On the first snow of the first winter he’s signed by the Black Jackals, he, like always, does not stop to consider commemorating these firsts, or even committing them to memory. Instead, he is contemplating if maybe he added some more weight to his squats and lower the reps, he could jump a bit higher. 

Bokuto puts some weird song on the speakers as they are stretching after a practice match just as the manager walks in and requests, firmly but politely, for it to be turned off (to which Bokuto begrudgingly complies). Atsumu smirks, then notices a girl standing behind the manager, about his age, wearing this profesh-looking black blazer. 

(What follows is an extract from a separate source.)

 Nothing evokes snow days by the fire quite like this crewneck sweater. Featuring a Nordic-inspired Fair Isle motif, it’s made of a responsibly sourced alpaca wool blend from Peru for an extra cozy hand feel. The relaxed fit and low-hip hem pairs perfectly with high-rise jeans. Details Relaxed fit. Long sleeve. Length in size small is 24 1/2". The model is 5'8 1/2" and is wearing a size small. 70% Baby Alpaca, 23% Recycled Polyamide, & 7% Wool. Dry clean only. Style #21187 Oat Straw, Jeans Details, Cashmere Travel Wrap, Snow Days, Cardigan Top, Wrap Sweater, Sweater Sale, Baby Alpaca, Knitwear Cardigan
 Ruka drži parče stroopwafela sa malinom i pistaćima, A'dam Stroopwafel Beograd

“You can resume you DJing later Bokuto,” Mr. manager jokes, “I just wanted to introduce you to our new lawyer, she’ll be responsible for all your contract renewals from now on…” blah blah blah corporate talk, legal words. 

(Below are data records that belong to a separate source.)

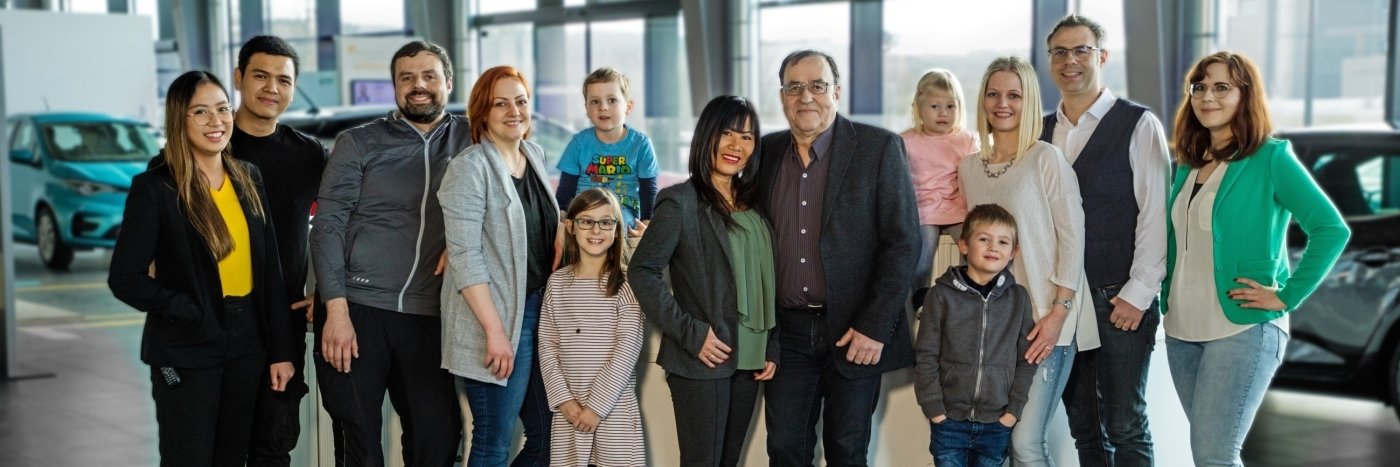Gruppe von Personen, bestehend aus Erwachsenen und Kindern, lächelnd in einem Autohaus. Fahrzeuge im Hintergrund.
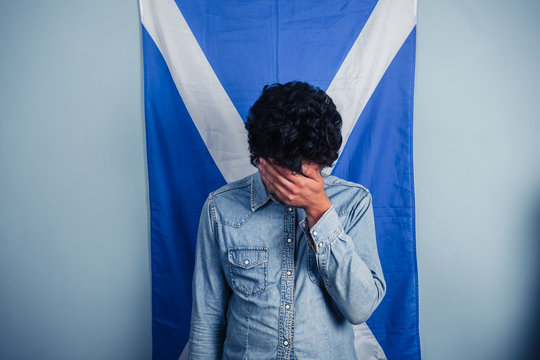 Depressed man standing in front of scottish flag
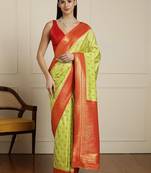Green ethnic motifs woven design zari kanjeevaram saree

Atsumu is more preoccupied studying the face of said lawyer. She has on this (fake) polite-looking smile. Where has he seen her face before? She pans her gaze across the team members, then meets his eye. He doesn’t bother looking away and neither does she. She just exaggerates her fake smile a bit more in acknowledgement, then goes on to introducing herself, all composed and lawyer-like. 

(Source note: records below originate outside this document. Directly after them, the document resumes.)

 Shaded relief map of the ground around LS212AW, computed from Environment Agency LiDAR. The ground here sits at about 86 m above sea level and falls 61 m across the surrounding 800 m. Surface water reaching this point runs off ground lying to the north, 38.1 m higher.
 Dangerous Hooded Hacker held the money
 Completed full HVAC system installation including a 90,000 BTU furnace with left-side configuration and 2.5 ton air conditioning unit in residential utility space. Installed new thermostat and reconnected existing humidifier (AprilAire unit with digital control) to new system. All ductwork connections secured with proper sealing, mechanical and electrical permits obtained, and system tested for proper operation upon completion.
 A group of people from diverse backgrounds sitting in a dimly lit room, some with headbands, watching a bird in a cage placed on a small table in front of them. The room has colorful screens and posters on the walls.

Yeah, the name doesn’t ring a bell either. But he definitely knows her from _somewhere_.

When the manager leaves with Ms. New-Lawyer-With-The-Fake-Smile, Bokuto resumes his noise-pollution and Hinata comes up to Atsumu with a grin. 

“Miya-san” the ginger sings in his excited not-quite-indoor voice, “what were you staring at?” obviously teasing.

“Her face”, the blond answers matter-of-factly, “I’ve seen it somewhere before. Can’t remember,” Too matter of fact, Hinata suddenly doesn’t know how to continue teasing.

\--

Ms. New-Lawyer-With-The-Fake-Smile is heading out the gym, exchanging unnecessary small talk with the Black Jackals manager. Oh yes the weather. It _is_ snowing. That happens…when it’s cold…

“Oh, Miss (y/n), I recall seeing on your resume that you graduate from Inarizaki High”, sensing her disinterest in the weather, the manager attempts to change the topic, “our setter also came from that school. I wonder if you two know each other.”

She doesn’t respond with the sort of surprise or enthusiasm he expects, just politely, “Yes, Miya Atsumu”, with no intention of continuing with the conversation. All composed and lawyer-like. 

When she left, the team manager returns to the gym and revives the conversation with Atsumu in hopes of satisfying his curiosity. “Did you know her?” he asks the setter, coming off a little nosey to be honest, “you guys look to be about the same age.”

Atsumu raises his eyebrows. So that’s where he’d seen her face. He weaves through his memory for a second, then shakes his head, “I thought she looked familiar, but I dunno, didn’t recognize her name.”

\--

That one’s on him, him and his shitty memory and complete disregard for anything unrelated to volleyball. They did, in fact, know each other, or should have. She was in his class for three whole-ass years. His first girlfriend was her then-best-friend, whose name neither starts with an A nor is Erika.

She was a little awkward, not the out-spoken type, like a lot of people are in high school. Her friend who is _not_ named Erika, was much more charismatic than she, and was her neighbour. They grew up together. That’s why two completely unalike people could be best friends, but also why they no longer are. That’s just an unfortunate consequence of adulthood. 

The Miyas, on the other hand, were the dazzling type, oozing the sort of nonchalant charisma teenagers were obsessed with. Their impassivity and general indifference towards non-athletic endeavors (including girls and dating) only seemed to make them more alluring. And there were _two_ of them. 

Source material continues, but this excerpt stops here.